I put my creative work first, period, and I'm an independent woman who's not looking for a heavy, one-on-one relationship just now, or to "settle down." What I AM looking for is some fun--mutual attraction and crushes with delicious men with whom I can be friends, collaborators, and partners-in-crime.

I think that it's healthy and laudable to seek fulfillment in the life areas governed by our sun signs, and our lives are much richer if we are fulfilled on those areas. For a 4th house person/Cancer that's home and family, for a Sag it's deep philosophy, travel, higher learning and exploration, for a Pisces it's spirituality, dreams, altered consciousness and merging with the universe.

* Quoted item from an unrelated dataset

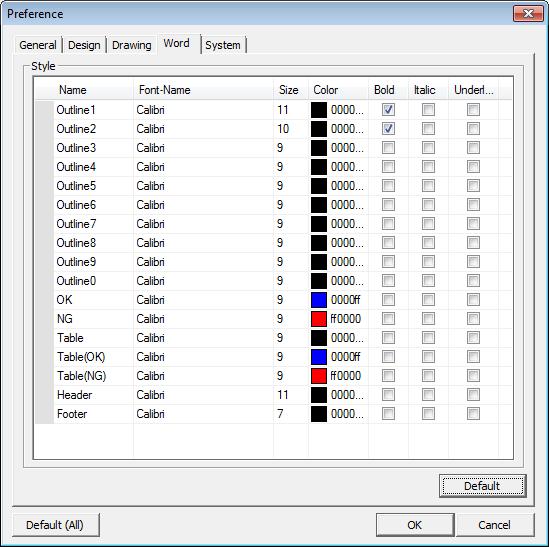 0 Preference Setting. Click General tab.. Click Word tab. User Interface Mode Select default model when executing the program.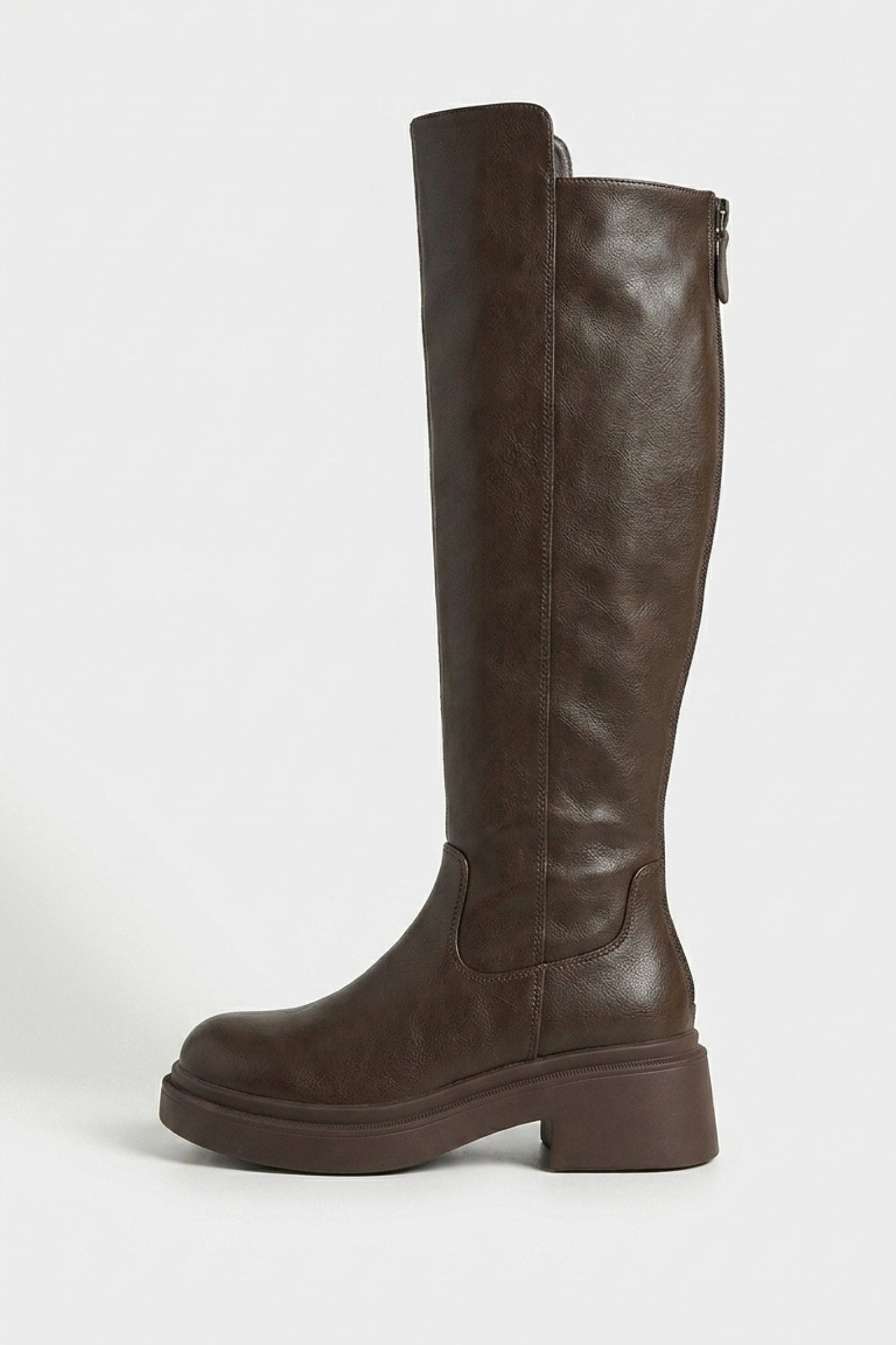 Women’s Winter Chunky Block Heel Knee High Boots with Back Zipper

For a Leo like me, creativity, romance, pleasure, fun, the arts, children and play are the priorities. Without those areas fulfilled, a Leo woman can't find full and rich self-expression.

(I'm also a very 8th house person, fascinated by deeper truths, psychoanalysis, research, transformation, death, mythology and sexuality, so if something seems like it might be a widespread sociological phenomenon, I'm always interested in knowing how and why.)

It bothers me when people get judgemental and moralistic about the search for exciting mutual crushes and romantic stimulation. Those are deeply fulfilling, thrilling areas of life for many people, and I don't think seeking them out is less valuable than seeking out fulfillment in other areas, like work or friendship.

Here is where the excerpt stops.